Pada hari ke ketiga pelaksanaan Konferensi Ketiga PBB Mengenai Pengurangan Risiko Bencana (The 3rd UN World Conference on Disaster Risk Reduction (UNWCDRR)), Wali Kota Banda Aceh   Illiza Sa’aduddin Djamal   diundang sebagai salah satu panelis dari tujuh panelis untuk memberikan presentasi pada seminar bertajuk “Resilient Communities: Our Home, Our Community, Our Recovery”.

Sementara keenam panelis lainnya adalah Mr Maitree Jongkraijug Ketua LSM Bann Nam Khem Thailand, Ms Cheryl Padullo Ketua Komunitas DAMPA Filipina, Mr Maung Maung Myint UN-HABITAT Myanmar, Ms Atsu Shibata Ketua masyarakat Kota Kamaichi Jepang, Mr Shigetoshi Miyawaki Ketua masyarakat Kota Saeki Jepang dan Mr Alfred S Romualdez Wali Kota Tacloban Philipina.

Pada acara yang digelar di Kota Sendai, Jepang tersebut, Wali Kota Illiza mendapatkan kesempatan pertama untuk menyampaikan presentasinya di dalam forum yang dihadiri oleh hampir seluruh perwakilan negara sedunia itu, Senin (16/3/2015).
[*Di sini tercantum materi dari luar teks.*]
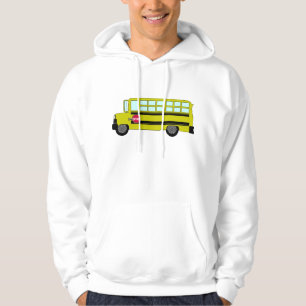 Gul skolbuss med stoppskylt hoodie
Mengawali presentasinya, Illiza memaparkan tiga fase penanggulangan berdasarkan pengalaman Kota Banda Aceh menghadapai bencana gempa dan tsunami 2004 lalu. Pertama, fase tanggap darurat dan rehabilitasi. “Fase ini lebih difokuskan pada pencarian, penyelamatan dan pengobatan korban dengan melibatkan lembaga nasional dan pemerintah daerah,” katanya.

Kedua, fase rehabilitasi dan rekonstruksi yang difokuskan pada pemulihan, termasuk pembangunan kembali infrastruktur, pemukiman dan sebagainya. “Tahapan ini melibatkan LSM, masyarakat internasional, BRR dan pemerintah daerah.”

Ketiga, fase pembangunan berkelanjutan yang difokuskan pada pemulihan. Fase ini, kata Illiza, tergantung pada pemerintah daerah dengan mengimplementasikan strategi pembangunan baru seperti strategi kota hijau, strategi mitigasi bencana dan lain-lain.

Menurut Illiza, ada dua strategi yang diterapkan oleh Pemko Banda Aceh dalam pembangunan kota pasca tsunami, yakni dari aspek fisik dan non fisik. “Dalam aspek fisik, kami terapkan melalui sistem peringatan dini, peta administrasi, peta spasial dan peta mitigasi yang menunjukkan daerah yang rentan, peta perencanaan tata ruang, escape road dan escape building.”

Aspek non fisik, kata wali kota, juga memainkan peranan penting. Salah satu kunci yang mempercepat proses pemulihan paska bencana tahun 2004 adalah kearifan lokal aceh. “Masyarakat Aceh dikenal sebagai orang-orang memegang teguh ajaran agama dan ada keyakinan bahwa bencana adalah ujian dari Allah SWT agar kita bisa menjadi lebih baik di masa mendatang.”

Hal lainnya, Banda Aceh telah mengembangkan kemitraan dalam pengurangan resiko bencana dengan beberapa institusi pendidikan, lembaga penelitian, kota dan organisasi internasional, seperti LIPI, Universitas setempat, JICA, Kota Higashi Matsushima, UCLG, CDIA dan Citynet.

Masih menurut Illiza, rekonstruksi dan rehabilitasi telah meningkatkan pembangunan ekonomi di Banda Aceh secara tidak langsung. “Saat ini, PDB per kapita atas dasar harga konstan menjadi dua kali lebih tinggi dibandingkan sebelum tsunami. Sedangkan PDB per kapita berdasarkan harga pasar meningkat menjadi lima kali lebih tinggi dibandingkan dengan kondisi sebelum tsunami,” katanya.